The threat of being the victim of a hate crime also muzzles speech ... and I am sorry to say that I suspect these pastors feel justified in standing against S1105 because they desire to muzzle the speech of GLBT persons, whom they perceive to be sinners as well as a threat to society and thus undeserving of constitutional freedoms.

Sorry this is such a long rant --but it's something I needed to write.

Labels:

5 Comments:

  • At 1:59 PM , Blogger Rainbow Pastor said...

    Preach it, RDQ!

    I echo every word of your rant!

     
  • At 9:19 AM , Blogger Mother Laura said...

    Yes, indeed. Sorry to hear that this happened and glad you are speaking out.

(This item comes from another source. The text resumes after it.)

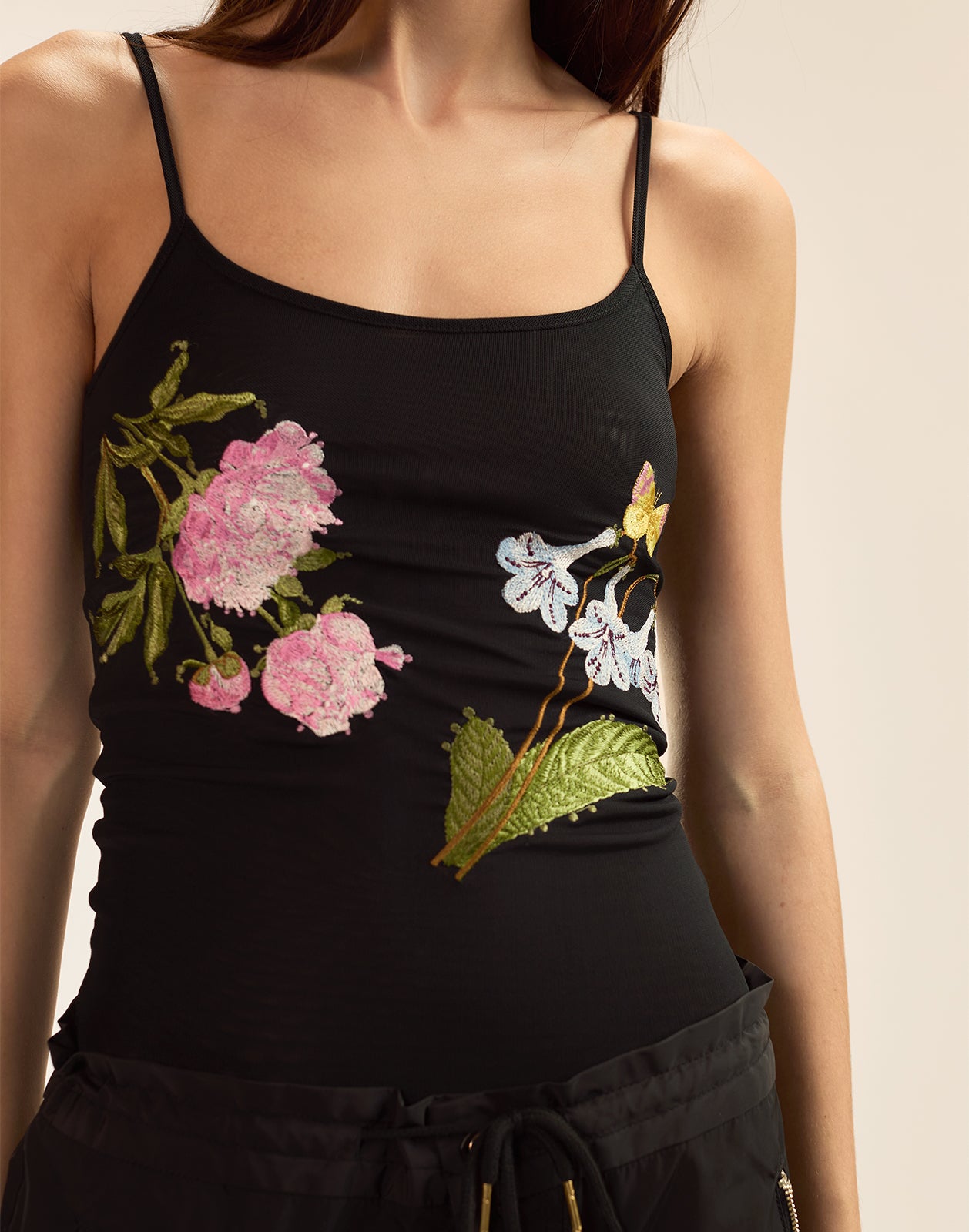 Cynthia Rowley Wildflower Embroidered Cami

    On a related topic, I wanted to let you know that Kate of When I Was a Boy has been expelled from RGBP for being polyamorous, which is deemed unChristian and liable to taint people by association. (Her header uses this term and her blog makes it crystal clear that there is no swinging involved, simply a faithful and committed relationship with two men instead of one). She is pretty traumatized and could use prayers as well as comments of support and/or a mention of concern on your blog if that feels right to you. She is not well known yet so I am letting a few people know that are concerned about these issues.

    Thanks so much,

    ML

     
  • At 12:29 PM , Blogger Reverend Dona Quixote said...

    ML, I was not aware of what happened with Kate until I saw your comment. Thank you for telling me.

     
  • At 6:29 PM , Blogger mamaS said...

    Perhaps this explains the comment of one of my parishoners recently. He said to me that 'the government' was trying pass a law that would make it illegal for me to "preach the gospel against homosexuals." (I've not been here all that long, and apparently he assumes he knows my views. He doesn't.) I could not for the life of me figure out what he was talking about. He couldn't clarify his statement except to say that "they" were persecuting the gospel. sigh

    I am so frustrated when we cannot hear a respectful (or even not so respectful) disagreement. Incidentally, free speech is already limited in the church (at least in the pulpit and official publications) in some matters political, if one wishes to remain a tax-exempt organization.

     
  • At 6:08 AM , Blogger Reverend Dona Quixote said...

    mamaS,

    There are other flyers being circulated which feature a picture of Jesus, wearing a crown of thorns, designed like an old-style west wanted poster. It says: Wanted For A Hate Crime and alludes to the idea that Jesus would be tried for a hate crime if the Matt Shepherd law passed.

    Bet that is exactly what your parishioner is thinking about.

    And yes, you are certainly right about a church's tax exempt status and how that impacts how we speak in the pulpit. Sometimes I wonder if the church gives up too much in order to remain tax exempt ... but that's another subject for another day.